Three changes carry the upgrade.

EIP-7732 — Enshrined Proposer-Builder Separation (ePBS). Moves the proposer/builder split, currently handled off-chain by mev-boost relays, into the consensus protocol itself. A block builder commits to a payload header; the proposer signs only the header; the payload reveals later. The change removes the relay-as-trusted-third-party from the MEV pipeline and constrains the set of cross-actor manipulations available to MEV searchers. The proposal text is at EIPs.ethereum.org/EIPS/eip-7732.

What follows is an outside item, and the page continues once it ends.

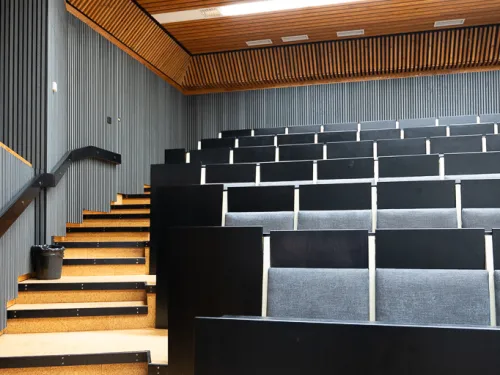 Auditorion tyhjät istuimet valkoisten katto- ja seinäpaneelien alla.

EIP-7928 — Block-Level Access Lists (BALs). Each block declares up front which accounts and storage slots its transactions will touch. Execution clients can parallelise reads and warm state caches before processing — the prerequisite for the per-block throughput numbers that Glamsterdam targets. Specification at EIPs.ethereum.org/EIPS/eip-7928.

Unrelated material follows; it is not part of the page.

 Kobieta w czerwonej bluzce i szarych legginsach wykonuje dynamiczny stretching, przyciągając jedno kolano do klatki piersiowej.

EIP-7904 — Gas repricing. Realigns opcode and precompile costs with measured execution times. The motivating analysis was the gap between gas-as-priced and CPU-as-spent on operations that have moved during the past five years of client optimisation. Specification at EIPs.ethereum.org/EIPS/eip-7904.

Numbers

- Glamsterdam scope            : 3 headline EIPs (7732, 7928, 7904) + smaller items
- Current Ethereum gas limit   : ~60M gas per block
- Glamsterdam gas-limit floor  : 200M gas per block (3.33×)
- Devnet status (Jun 16, 2026) : devnet-5 + devnet-6, all EIPs bundled
- Prior devnet (Soldøgn)       : concluded ~May 2, 2026
- Targeted mainnet window      : H2 2026, no firm date
- Reference                    : ethereum.org/roadmap/glamsterdam/

The 200M target is a floor — proposers can vote it higher block-by-block, as they currently do above the 30M baseline that Pectra set. Whether validators actually run at 200M from day one is a separate question from whether the consensus protocol allows it.

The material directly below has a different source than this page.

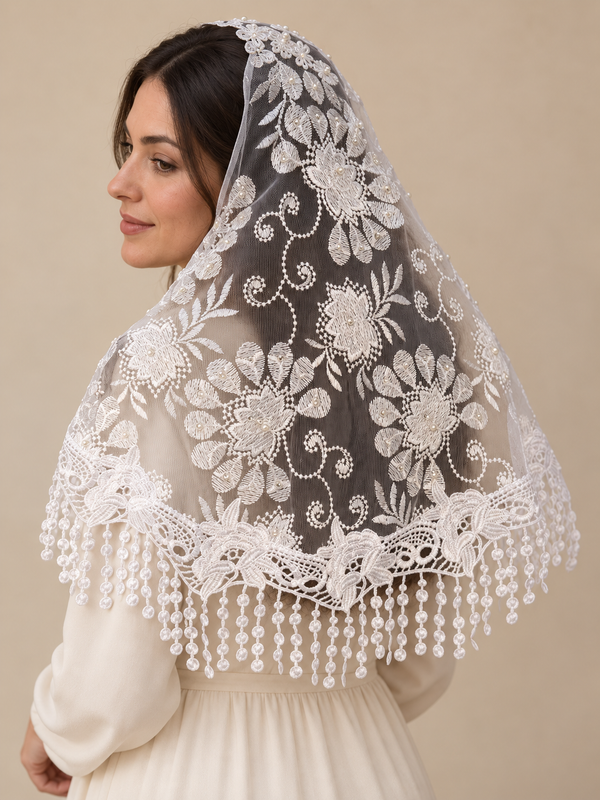 Woman wearing the white beaded floral lace prayer veil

What it changes for operators

  • Validator operators. ePBS replaces the mev-boost trust assumption with a protocol-level commitment-reveal pattern. Existing relay setups need to be re-evaluated against the new flow; the timing of the proposer's slot changes, which interacts with attestation deadlines.
  • Block builders and searchers. The off-chain auction continues, but the settlement primitive shifts. Builder reputation systems and bond mechanics are explicit on-chain rather than implicit on relay policy.
  • Execution clients. BALs add a new pre-execution stage. Implementations that already parallelise transactions (Reth's pipelined design, Erigon's staged sync) start with a structural advantage; sequential clients carry the larger porting cost.
  • dApp builders. Most application code is untouched. The two contract-visible effects are the EIP-7904 gas repricing (some opcodes get cheaper, some get more expensive — re-estimate gas on the public testnet) and any contract that explicitly inspects block-builder addresses.

What to watch

  1. Devnet stability. The relevant signal is whether devnet-5/6 produce blocks without restarts across all client pairs for multi-day runs. The ethpandaops dashboards and the All Core Devs calls are the primary trackers.
  2. Testnet schedule. Hoodi was the Pectra/Fusaka testnet path; the Glamsterdam testnet order has not been publicly fixed. Expect Holesky and Sepolia activations between devnet stabilisation and mainnet.
  3. ACD calls. All Core Devs (Execution + Consensus) meetings publish notes on the ethereum/pm GitHub repo. The hardening checklist surfaces there first.
  4. Mainnet date proposal. A specific epoch/slot proposal lands at an ACD call after testnets settle. Mid-summer announcement, late-summer or early-autumn activation, is the implied window from the H2 framing.

Context — biggest fork since the Merge

Glamsterdam is the most-changed Ethereum fork since the Merge in 2022. Pectra (May 2025) shipped EOA delegation, validator-balance changes and small calldata adjustments — surface-level tuning. Fusaka (December 2025) shipped EIP-7594 (PeerDAS) for data-availability scaling. Glamsterdam, by contrast, touches the consensus protocol (ePBS), the execution-layer state model (BALs) and the gas-pricing schedule simultaneously. The merged-devnet phase is where forks of this scope earn or lose their planned activation window — Shapella, Dencun and Pectra each held devnet-stage timelines; Fusaka's slipped by roughly a quarter.